Symmetry in Indirect exciton in presence of phonons

[sitangshu]

Dear developers,

I have a 2D hexagonal crystal with C3v (3m) point group in which I am studying the PL emission. I realised that the Q=0 exciton has E-type symmetry.
I noticed that the indirect (lowest) exciton is located between K-\Gamma of the exciton dispersion. The phonon transferred momenta (q) is between \Gamma-M, where the symmetry is C_s(m). From the character table of C3v(m) and C_s(m), I could find the C3 axis of C3v (3m) is equivalent to mirror axis (\sigma) in C_s(m). However, I am not able to understand the "Wonderful Orthogonality Theorem" in this case from Dresselhaus book, which can tell me about the information about the dipole operation as discussed in Phonon assisted spectra of hBN: https://journals.aps.org/prb/abstract/1 ... .99.081109
Note that, in the phonon assisted DOS (https://www.yambo-code.eu/wiki/index.ph ... emperature), I am getting phonon replicas with finite contribution from out of plane phonon modes (both ZA and ZO).
For D_6h case ZO is zero, but is it true for all?
Can anyone suggest this issue?

Regards,
Sitangshu

[claudio]

Dear Sitangshu

I'm not an expert on symmetries of phonon-assisted excitons

try to have a look in the Supp Info of
https://www.nature.com/articles/nphoton.2015.277#Sec4

and also Chapter 7 of the book
https://academic.oup.com/book/11564

best
Claudio

[palful]

Dear Sitangshu,

Let me add something. Indeed, the main issue is to map which symmetries from the larger point group of the crystal correspond to those in the reduced point of the wave vector. We are working on an automatic assessment of the exciton representations at all momenta, but it will take some time for it to be released.

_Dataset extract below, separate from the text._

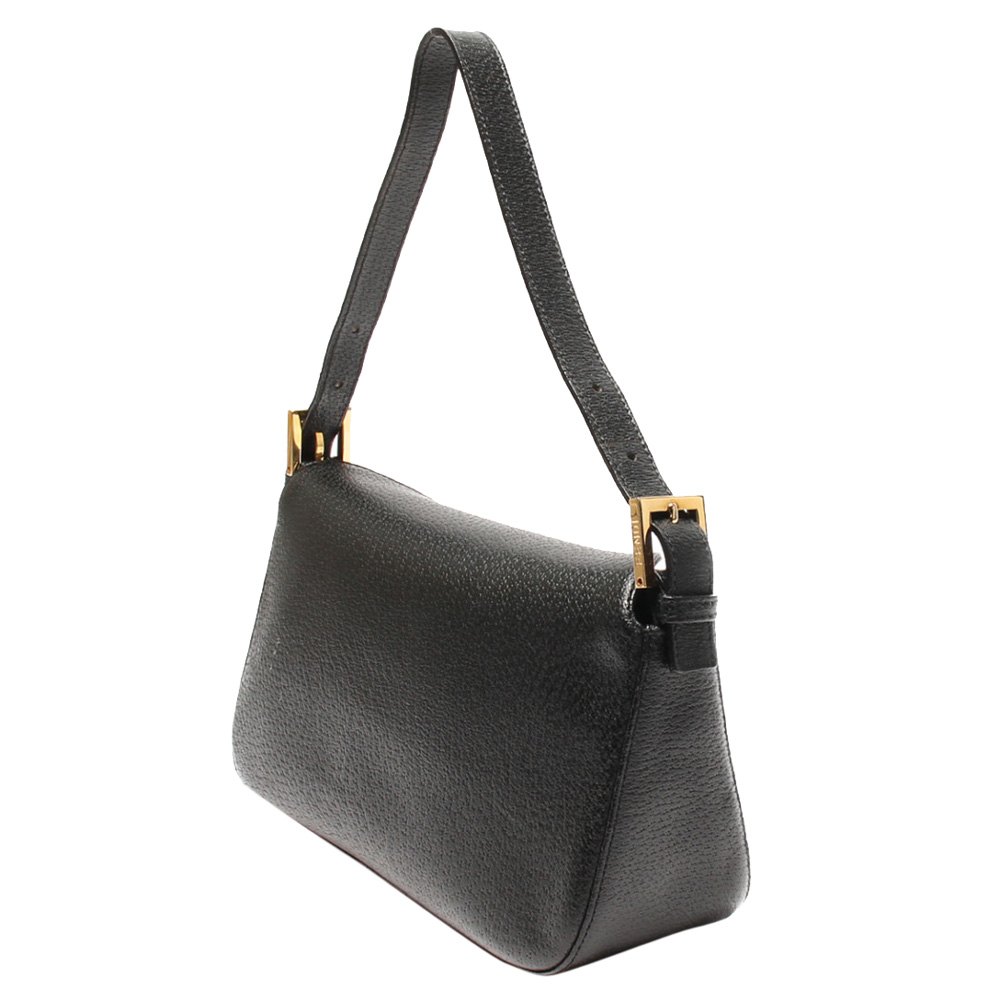 

Fendi Black Leather Mamma Bag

One can do it manually by carefully analysing the exciton wave functions, the phonon representations and considering all possible constraints on the symmetries. For example, in the case of AA' stacking hBN (D6h symmetry), it turns out that at the relevant exciton momenta (middle of GK), you can show that the important exciton states split as E_2g (D6h) -> A1+B1 (C2v).

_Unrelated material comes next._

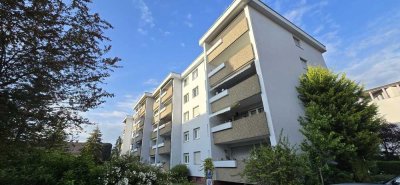 Von Privat - Wohnung 3 - Zimmer - Küche - Bad mit Balkon in einem gepflegten Mehrfamilienhaus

I also want to say that what you find looks absolutely reasonable.
In boron nitride, the AA' stacking has D6h symmetry and this causes all the Z-phonons to be forbidden (because they have A2+B2 symmetry and cannot couple with the above giving another E-type state).
However, the rhombohedral BN stacking has C3v symmetry, like in your system, and this causes the couplings with the Z-phonons to become allowed! This is because in that case you pass from E (C3v) to the identity A+A as along GK there are no symmetries, so every coupling is allowed. You can have a look at this reference: https://journals.aps.org/prl/abstract/1 ... 131.206902

Cheers,
Fulvio